Language Reference
Lexical structure definition
Base units
The following syntax units used in dynasm syntax are defined by the rust grammar itself:
num_litidentexpr_pathexprstmt
Dynasm-rs defines the following base syntax units:
prefix : "cs" | "ds" | "es" | "fs" | "gs" | "ss" | "lock" | "rep" | "repne" | "repe" | "repnz" | "repz" ;static_regmatches any valid register name as seen in table 4, or any previously defined aliasdynamic_reg_familymatches any valid register family from table 4size : "BYTE" | "WORD" | "DWORD" | "AWORD" | "QWORD" | "OWORD" | "HWORD"nosplit : "NOSPLIT"
Entry point
The entry point of dynasm-rs is the dynasm! macro. It is structured as following
dynasm : "dynasm" "!" "(" ident (";" line)* ")" ;
Where line can be one of the following:
line : (";" stmt) | directive | label | instruction ;
Directives
Directives are special commands given to the assembler that do not correspond to instructions directly.
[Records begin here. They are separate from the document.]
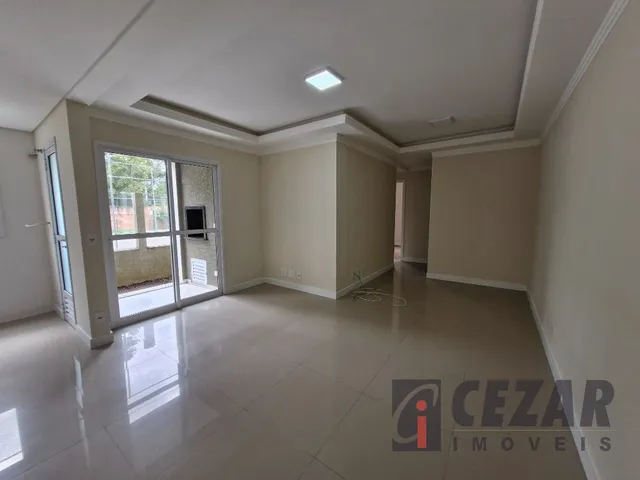 Apartamento 2 quartos e 2 banheiros, para alugar, no bairro Uberaba em Curitiba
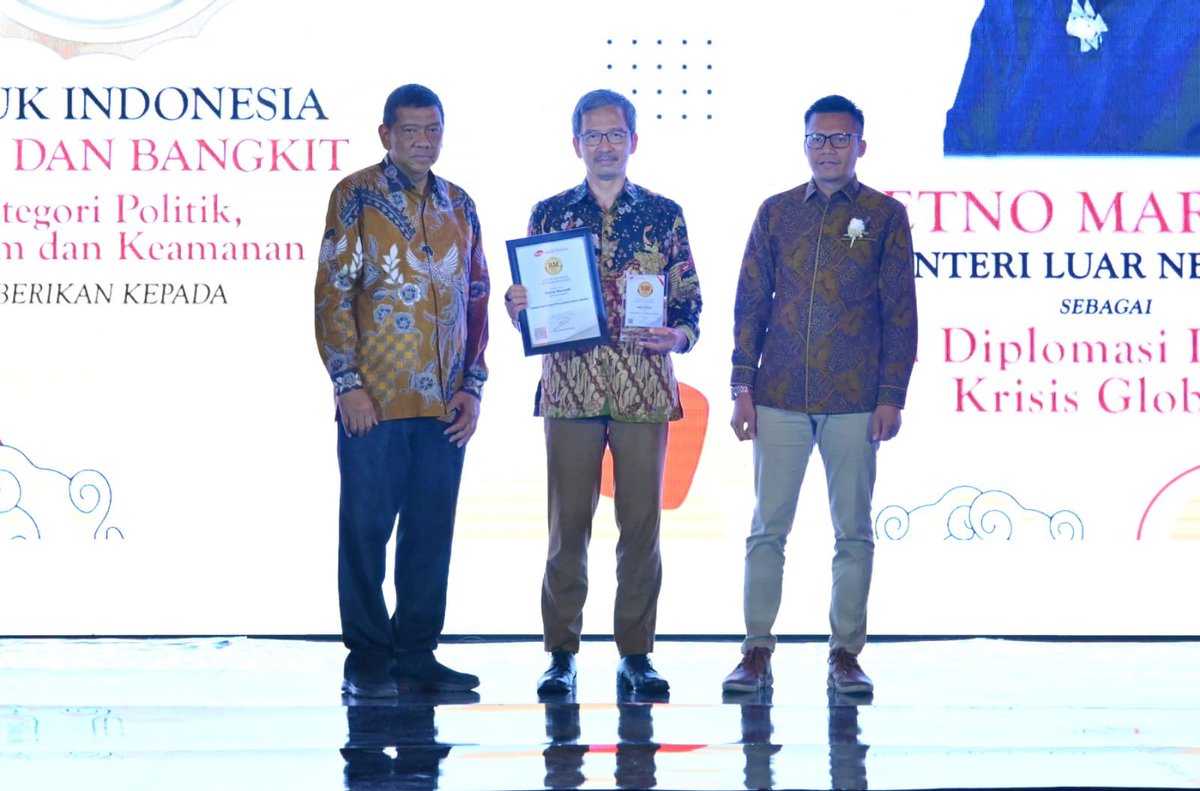 Selamat kepada Menlu RI atas penghargaan Rakyat Merdeka Award 2022 sebagai Tokoh Diplomasi Pemulihan Krisis Global (28/9).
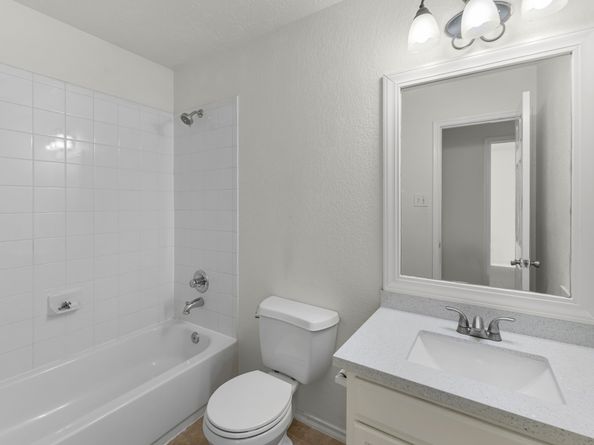 2626 Skyview Cove Court, Houston TX 77047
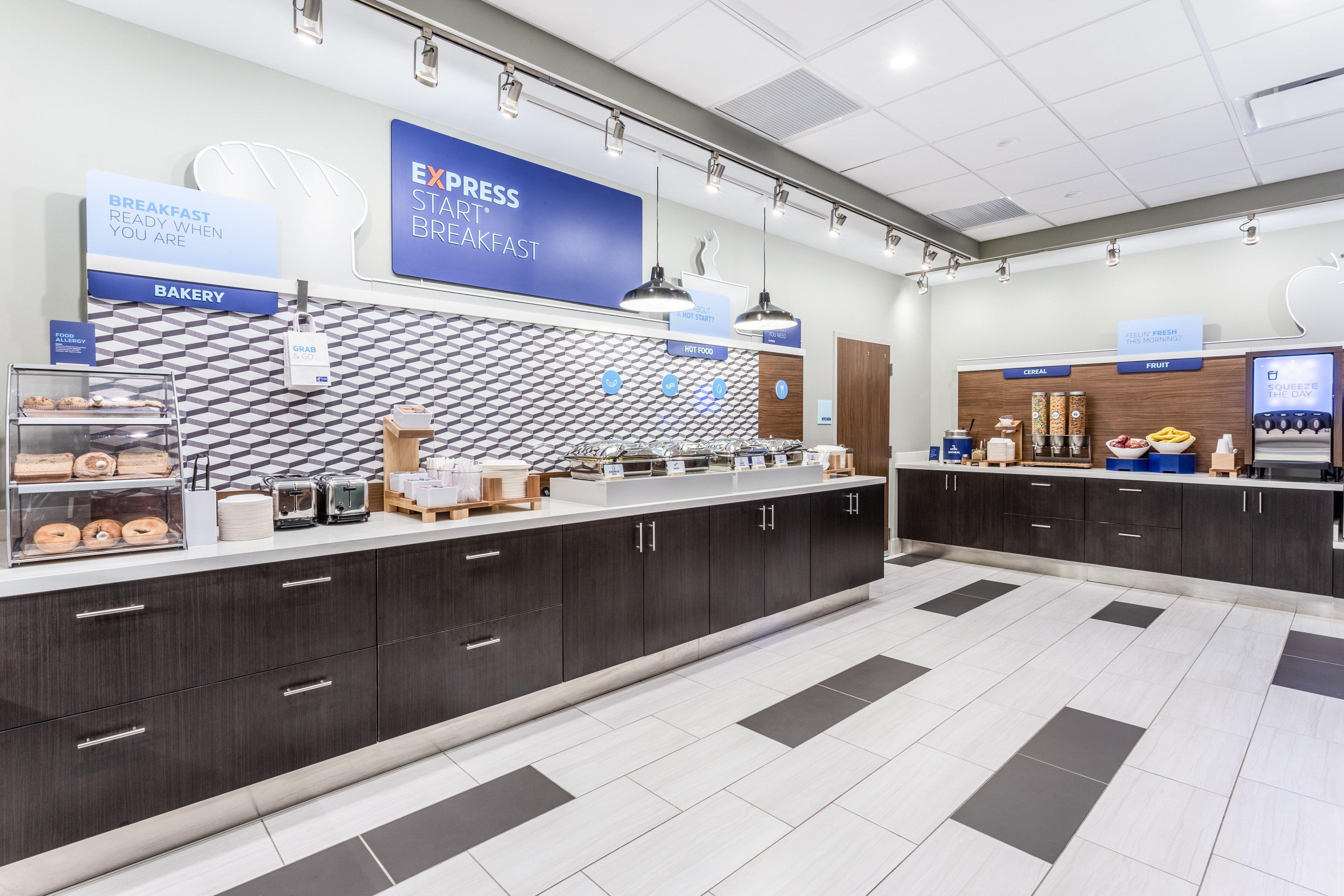 Holiday Inn Express & Suites - Springfield North By Ihg Exterior foto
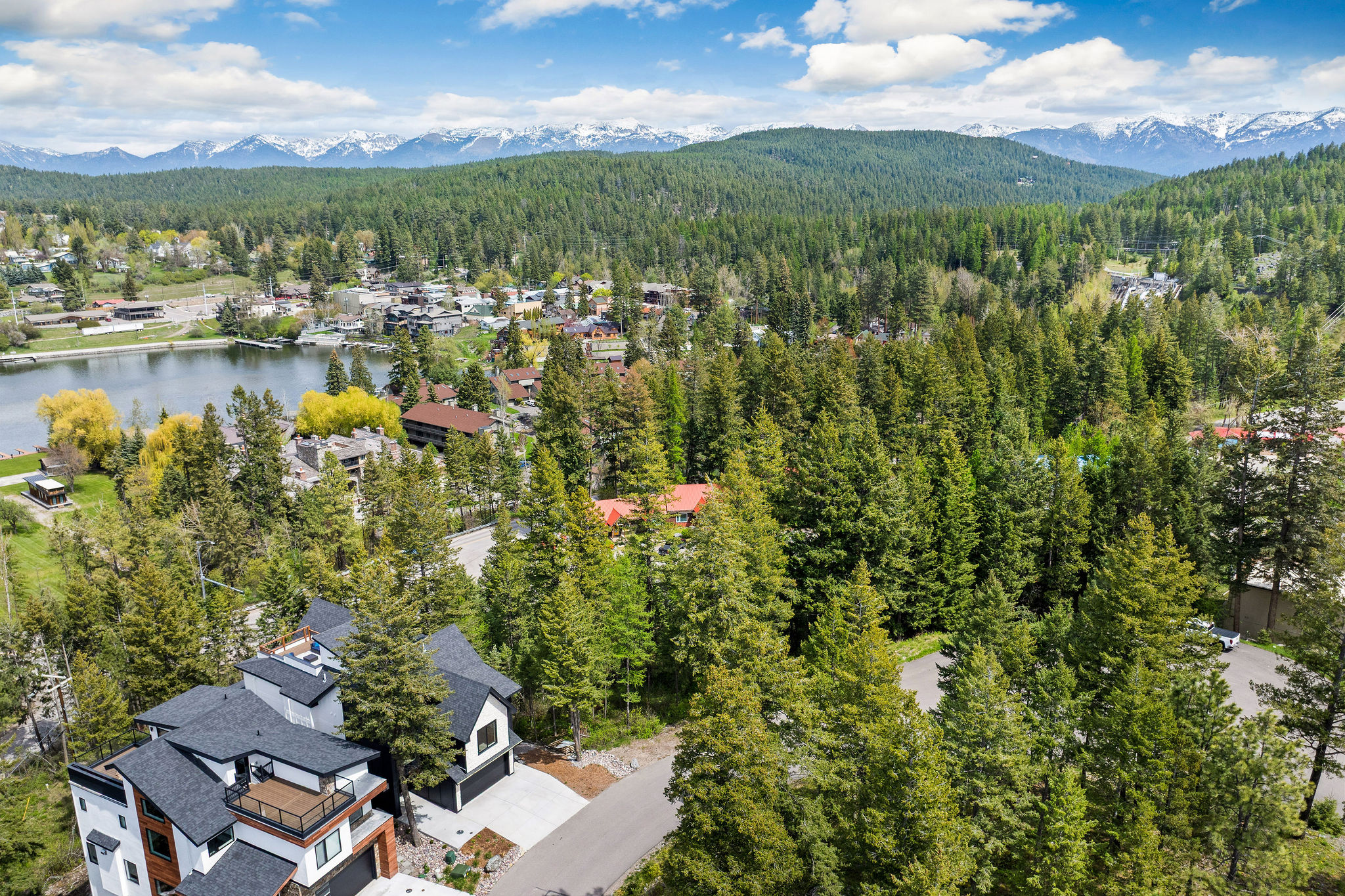  215 Whisper Ridge Drive - 物件實景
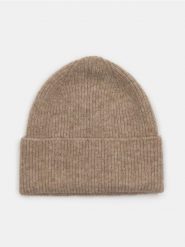 Prążkowana czapka beanie - beżowy. Brązowe czapki Sinsay, bez wzorów, prążkowane. Za 15.99 zł.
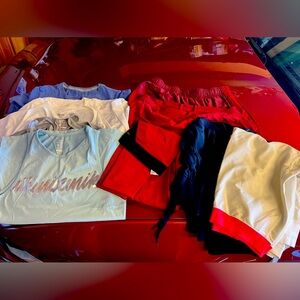 BUNDLE of Women’s Nike active wear. Sizes Range S,M and Large 💪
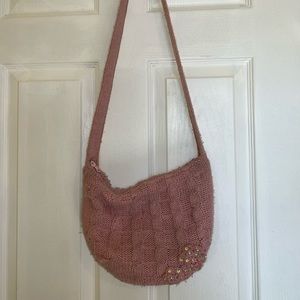 Knitted, soft, pink purse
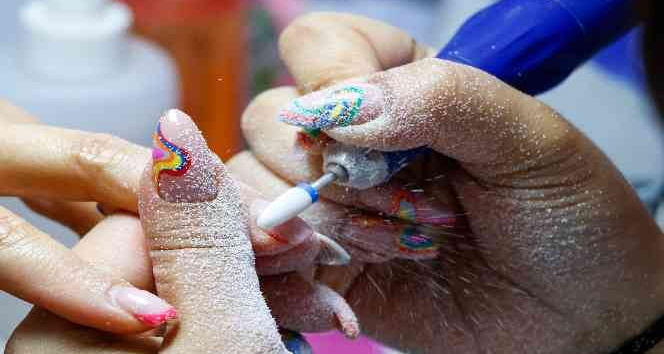 Uyarılara rağmen “kalıcı oje ve protez tırnak çılgınlığı”: “Hastalar çok başvuruyor, şikayetler geliyor”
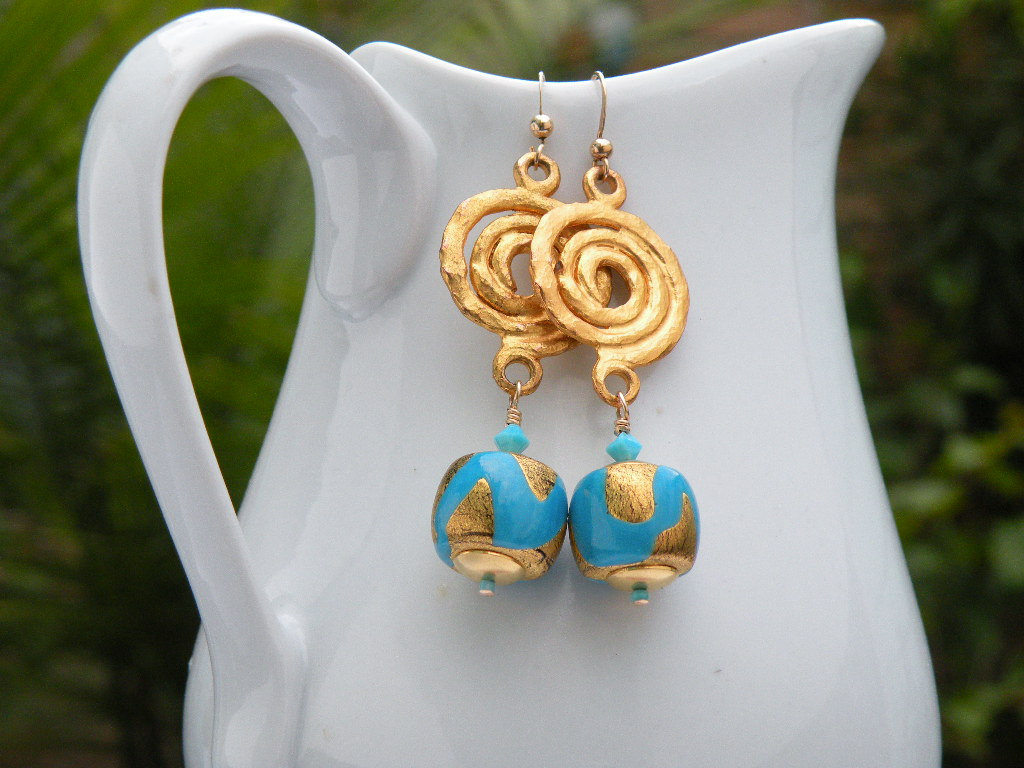 Vintage Murano Glas Mit Gold Spiral Design Akzentstück; "King Tut" 16 X 12 Mm Trommelförmige Türkis & 24 Kt Goldfolie Handgefertigte Perle Vintage Murano Glas Mit Gold Spiral Design Akzentstück; "King Tut" 16 X 12 Mm Trommelförmige Türkis & 24 Kt Goldfolie Handgefertigte Perle von AlessandrosDesigns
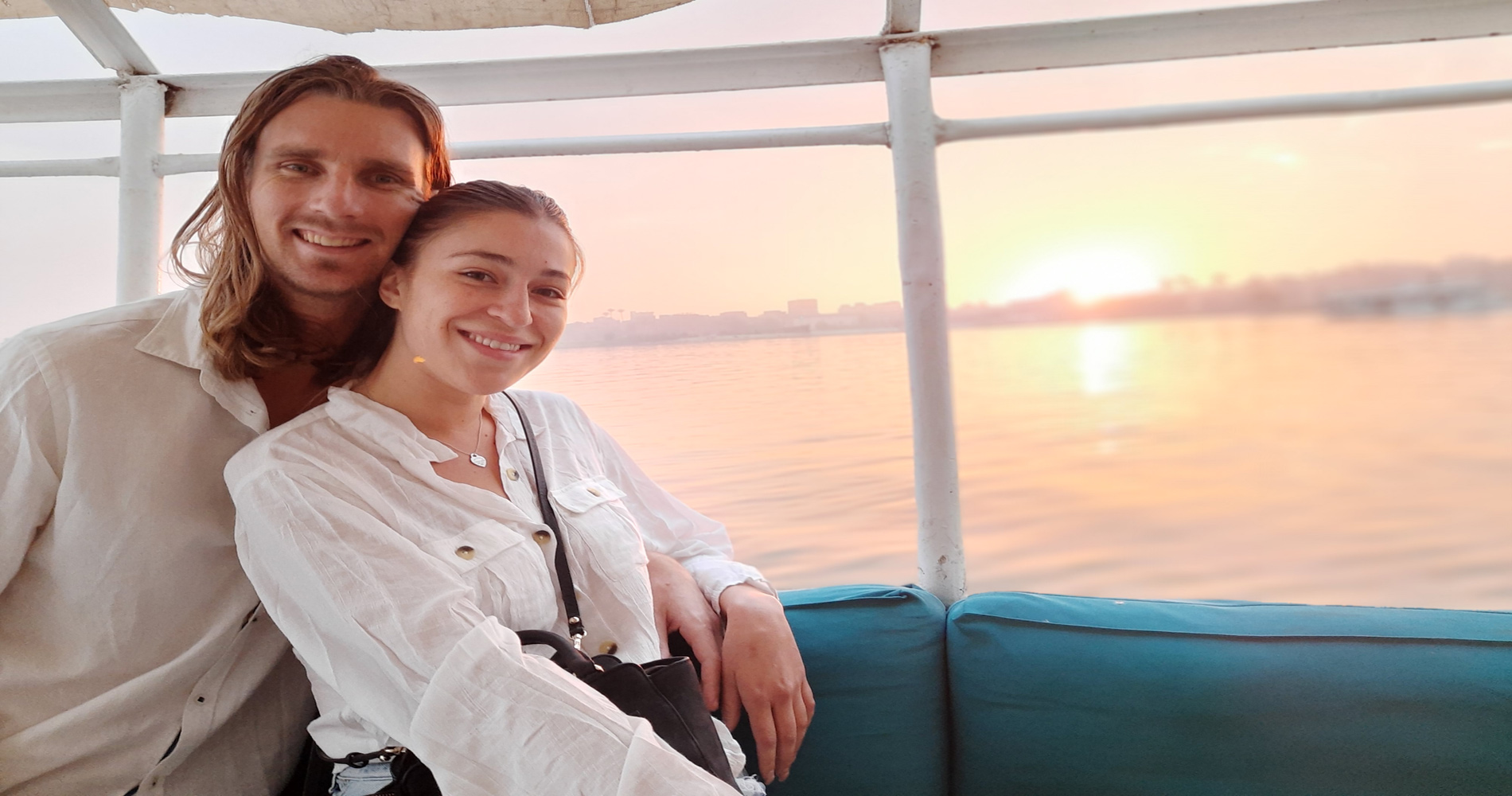 Sunset Felucca Ride by Nile For 2 Hours with Egyptian Traditional Light Dinner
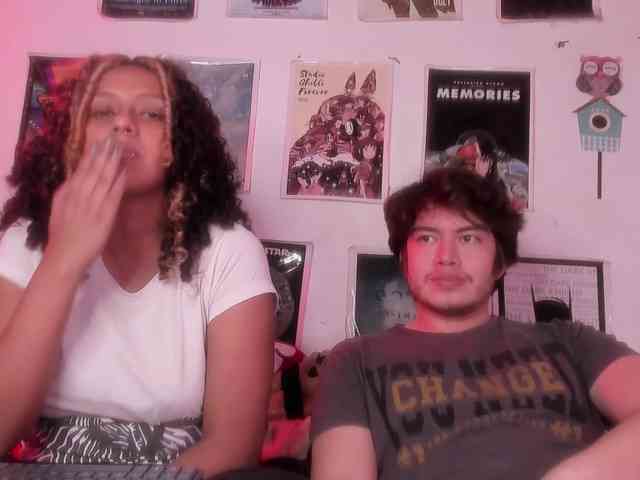 HotHoneyChile webcam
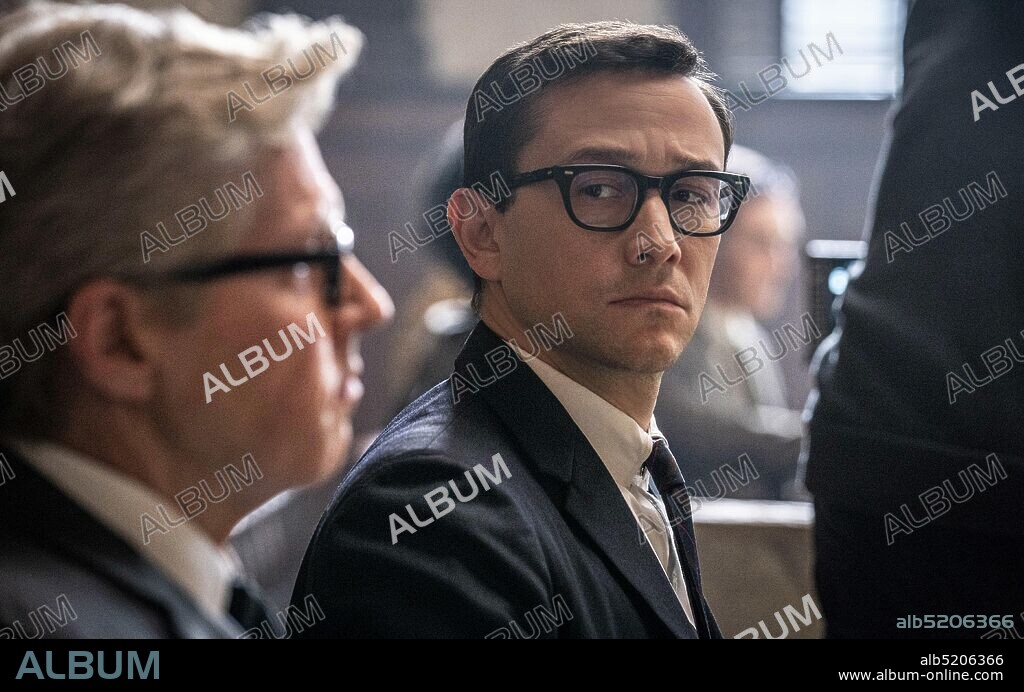 JOSEPH GORDON-LEVITT in THE TRIAL OF THE CHICAGO 7, 2020, directed by AARON SORKIN. Copyright DREAMWORKS PICTURES.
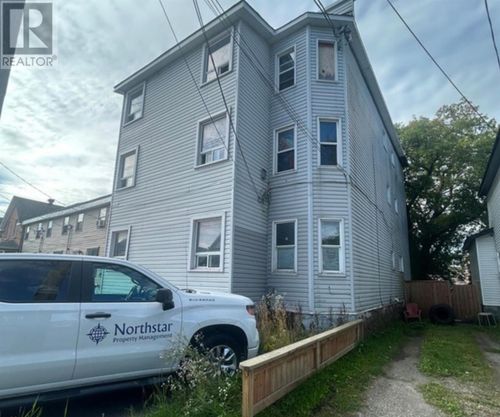 427-429 Wellington St E, Sault Ste. Marie, ON, P6A2M1 | Card Image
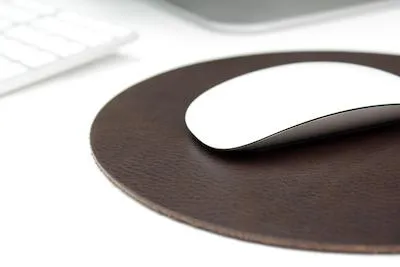 Das Mousepad trägt jetzt Leder Bild: Das Mousepad trägt jetzt Leder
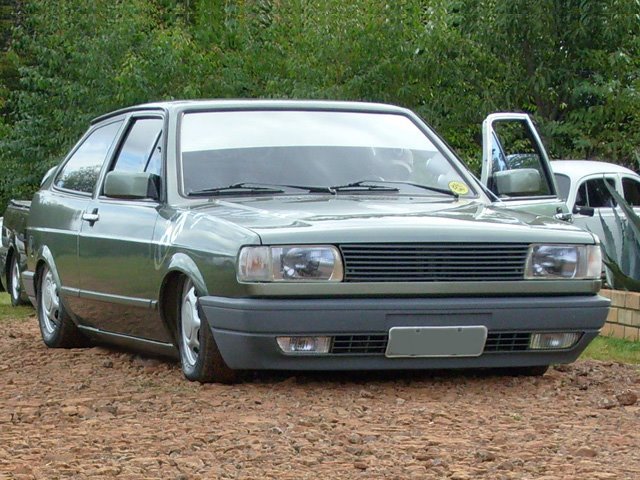 VW Gol quadrado sem molas e Socado no ch o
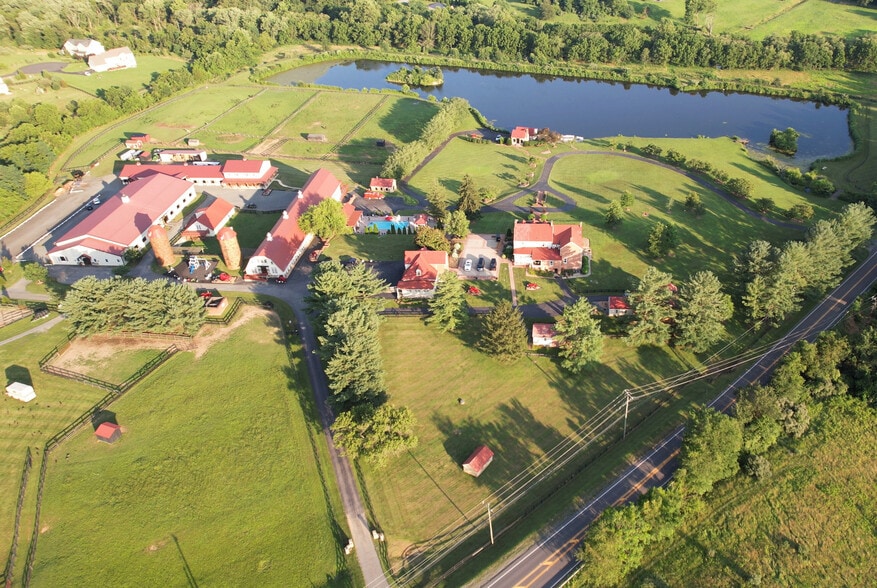 15158 Berlin Tpke, Purcellville, VA for sale - Building Photo - Image 3 of 43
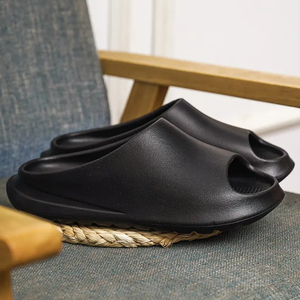 Pantoufles de haute qualité personnalisées unisexe de créateur pour hommes Eva nuage en mousse sandales originales avec logo pour hommes et femmes vente en gros - Product Image 4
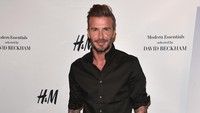 Ia tampil serba hitam dengan boots coklat. Alberto E. Rodriguez/Getty Images/detikFoto.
They are executed at parse time, and each directive can have different parsing rules.
directive : "." ident directive_parsing_rule;
Labels
label : ident ":" | "->" ident ":" | "=>" expr ;
Instructions
instruction : prefix* ident (arg ("," arg)* )? ;
Arguments
arg : register | (size? ( memoryref | labelref | typemap | expr ));
typemap : register "=>" expr_path ("." ident | "[" size? regref "]" ("." ident)?) ;
memoryref : "[" nosplit? size? (regref | labelref) "]" ;
regref : regrefitem ("+" regrefitem)* ;
regrefitem : (register "*" num_lit | num_lit "*" register | register | expr) ;
labelref : (">" ident | "<" ident | "->" ident | "=>" expr | "extern" expr) ;
register = static_reg | dynamic_reg ;
dynamic_reg = dynamic_reg_family "(" expr ")" ;
Reference
Directives
Dynasm-rs currently supports the following directives:
Table 1: dynasm-rs directives
| Name | Argument format | Description |
|---|---|---|
.arch | A single identifier | Specifies the current architecture to assemble. Defaults to the current target architecture. Only x64 and x86 are supported as of now. |
.feature | A comma-separated list of identifiers. | Set architectural features that are allowed to be used. |
.alias | An name followed by a register | Defines the name as an alias for the wanted register. |
.align | An expression of type usize | Pushes NOPs until the assembling head has reached the desired alignment. |
.byte | One or more expressions of the type i8 | Pushes the values into the assembling buffer. |
.word | One or more expressions of the type i16 | Pushes the values into the assembling buffer. |
.dword | One or more expressions of the type i32 | Pushes the values into the assembling buffer. |
.qword | One or more expressions of the type i64 | Pushes the values into the assembling buffer. |
.bytes | An expression of that implements IntoIterator<Item=u8> or IntoIterator<Item=&u8> | Extends the assembling buffer with the iterator. |
Aliases
Dynasm-rs allows the user to define aliases for registers using the .alias name, register directive. These aliases can then be used at places where registers are allowed to be used. Note that aliases are defined in lexical parsing order and that their scoping is file-global.
Macros
While this is technically not a feature of dynasm-rs, there are a few rules that must be taken into account when using normal rust macros with dynasm-rs.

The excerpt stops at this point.